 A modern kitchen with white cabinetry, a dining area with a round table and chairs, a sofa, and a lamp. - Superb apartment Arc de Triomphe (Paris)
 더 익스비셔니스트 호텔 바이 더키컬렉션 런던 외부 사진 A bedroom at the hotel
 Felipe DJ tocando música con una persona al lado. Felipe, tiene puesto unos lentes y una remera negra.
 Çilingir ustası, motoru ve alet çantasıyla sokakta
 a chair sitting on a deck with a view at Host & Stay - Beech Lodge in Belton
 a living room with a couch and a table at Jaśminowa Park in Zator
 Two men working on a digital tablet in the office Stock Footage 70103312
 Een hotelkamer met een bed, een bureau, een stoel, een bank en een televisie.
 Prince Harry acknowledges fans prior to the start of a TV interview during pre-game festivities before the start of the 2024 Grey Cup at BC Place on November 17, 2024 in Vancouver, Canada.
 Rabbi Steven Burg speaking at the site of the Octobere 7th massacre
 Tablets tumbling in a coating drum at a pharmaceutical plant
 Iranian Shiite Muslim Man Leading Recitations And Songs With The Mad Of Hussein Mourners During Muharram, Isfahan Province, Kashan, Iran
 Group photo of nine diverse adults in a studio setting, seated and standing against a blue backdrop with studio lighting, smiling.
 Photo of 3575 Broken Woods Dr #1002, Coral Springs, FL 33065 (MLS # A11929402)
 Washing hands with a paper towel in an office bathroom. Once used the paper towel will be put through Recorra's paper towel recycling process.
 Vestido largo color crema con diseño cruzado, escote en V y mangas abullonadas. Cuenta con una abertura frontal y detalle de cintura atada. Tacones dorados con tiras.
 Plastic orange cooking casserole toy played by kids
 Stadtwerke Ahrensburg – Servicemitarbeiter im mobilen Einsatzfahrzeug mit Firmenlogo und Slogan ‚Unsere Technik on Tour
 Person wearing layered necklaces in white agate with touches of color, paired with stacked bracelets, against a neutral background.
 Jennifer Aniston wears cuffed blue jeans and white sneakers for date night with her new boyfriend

* PROBLEM STATEMENT: Return all lines from the data that include the string "white".

* EXERCISE SOLUTION:
 A modern kitchen with white cabinetry, a dining area with a round table and chairs, a sofa, and a lamp. - Superb apartment Arc de Triomphe (Paris)
 Person wearing layered necklaces in white agate with touches of color, paired with stacked bracelets, against a neutral background.
 Jennifer Aniston wears cuffed blue jeans and white sneakers for date night with her new boyfriend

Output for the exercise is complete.